Asst. Prof. Soteris Demetriou

Director of Applications, Platforms and Systems Security (APSS) research group

Phone
+44 (0) 20 759 48237
Email
s.demetriou@imperial.ac.uk
Twitter
https://twitter.com/SoterisD
LinkedIn
https://www.linkedin.com/in/soterisdemetriou/
External link
https://soteris.github.io/

Dr Soteris Demetriou is a Lecturer (Assistant Professor) of Computer Systems Security at the Department of Computing at Imperial College London and the Director of the Applications, Platforms, and Systems Security research lab (APSS).

His interests lie in the security and privacy of mobile and cyber-physical systems. By analyzing operating systems, networking protocols and side-channels his work has uncovered design flaws and severe vulnerabilities on the Android operating system, Amazon services and commodity IoT devices among others, affecting millions of users. In response, his work has introduced tools, methods, and end-to-end systems to improve end-user privacy and strengthen security on mobile systems.

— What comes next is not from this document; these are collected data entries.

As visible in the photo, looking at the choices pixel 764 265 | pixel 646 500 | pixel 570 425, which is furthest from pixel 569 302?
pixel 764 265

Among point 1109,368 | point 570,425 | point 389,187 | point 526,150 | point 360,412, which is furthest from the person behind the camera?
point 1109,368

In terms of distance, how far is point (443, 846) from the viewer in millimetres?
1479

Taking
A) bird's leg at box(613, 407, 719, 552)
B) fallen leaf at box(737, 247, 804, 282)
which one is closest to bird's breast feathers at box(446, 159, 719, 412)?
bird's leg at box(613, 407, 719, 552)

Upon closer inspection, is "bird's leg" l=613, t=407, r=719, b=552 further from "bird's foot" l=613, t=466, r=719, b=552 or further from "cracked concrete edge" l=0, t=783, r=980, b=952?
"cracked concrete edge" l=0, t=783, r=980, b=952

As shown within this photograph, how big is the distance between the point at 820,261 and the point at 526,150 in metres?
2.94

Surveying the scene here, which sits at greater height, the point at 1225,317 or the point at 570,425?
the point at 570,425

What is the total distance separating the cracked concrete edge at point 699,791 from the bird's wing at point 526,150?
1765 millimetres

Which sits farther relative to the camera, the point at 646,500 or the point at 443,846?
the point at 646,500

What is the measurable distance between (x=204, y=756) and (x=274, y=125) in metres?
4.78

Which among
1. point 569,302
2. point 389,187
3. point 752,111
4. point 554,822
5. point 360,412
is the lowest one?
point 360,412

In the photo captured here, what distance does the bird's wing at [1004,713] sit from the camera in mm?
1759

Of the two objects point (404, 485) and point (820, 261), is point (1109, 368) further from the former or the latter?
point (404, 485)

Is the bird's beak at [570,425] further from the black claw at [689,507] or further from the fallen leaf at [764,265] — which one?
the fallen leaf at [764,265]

These include tools using code analysis and instrumentation, natural language processing and machine learning for detecting mobile applications’ privacy leakage, security enhancements for the Android OS middleware and its underlying Linux kernel, fine-grained access control for smart-home IoT devices by combining network and mobile application information and a framework which leverages trusted computing principles to preserve the privacy of machine learning models on resource constrained devices, among others.

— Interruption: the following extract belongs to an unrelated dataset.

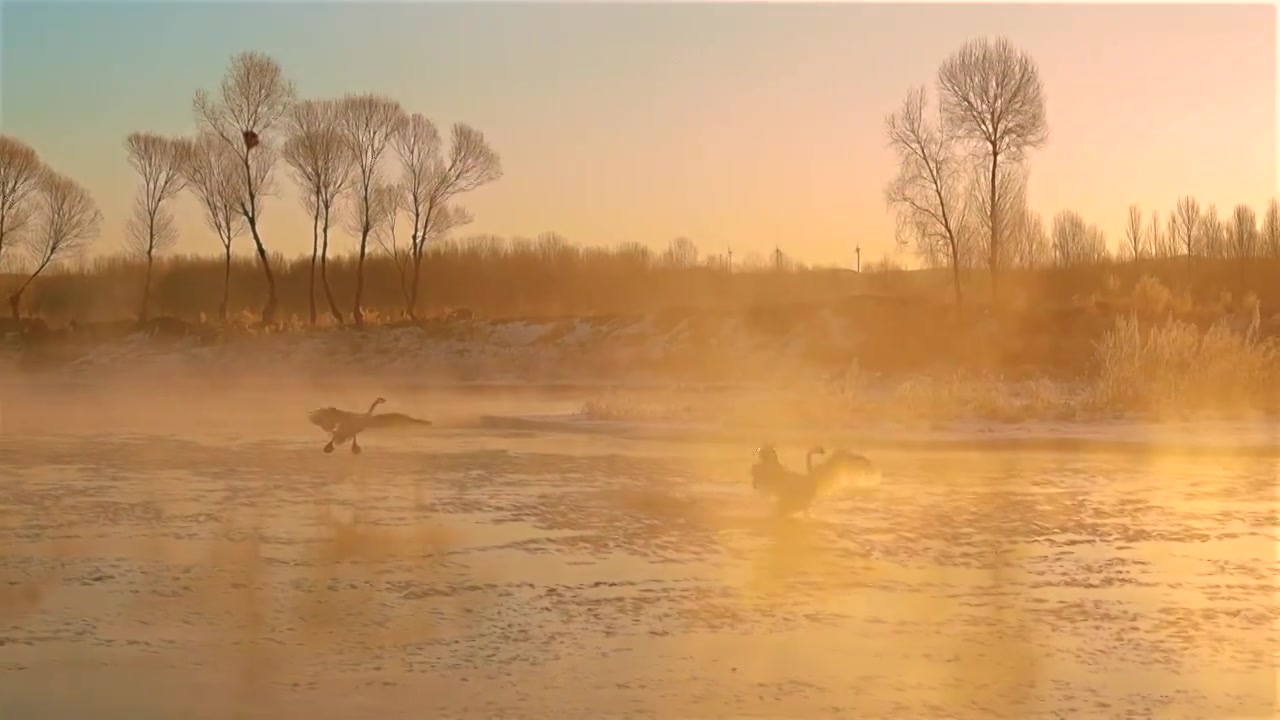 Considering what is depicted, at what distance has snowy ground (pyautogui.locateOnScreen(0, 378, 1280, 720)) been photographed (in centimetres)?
634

Dr Demetriou’s work appeared multiple times in top international systems security conferences such as NDSS and ACM CCS but also in other systems and sensing conferences such as IEEE Infocom, ACM MobiSys and ACM SenSys. His work received prestigious awards, including a distinguished paper award at NDSS (‘18). His mobile systems security work is also close to practice and resulted in relevant patents. Currently, Dr Demetriou also works closely with Meta (Core Systems) on large scale distributed computing problems.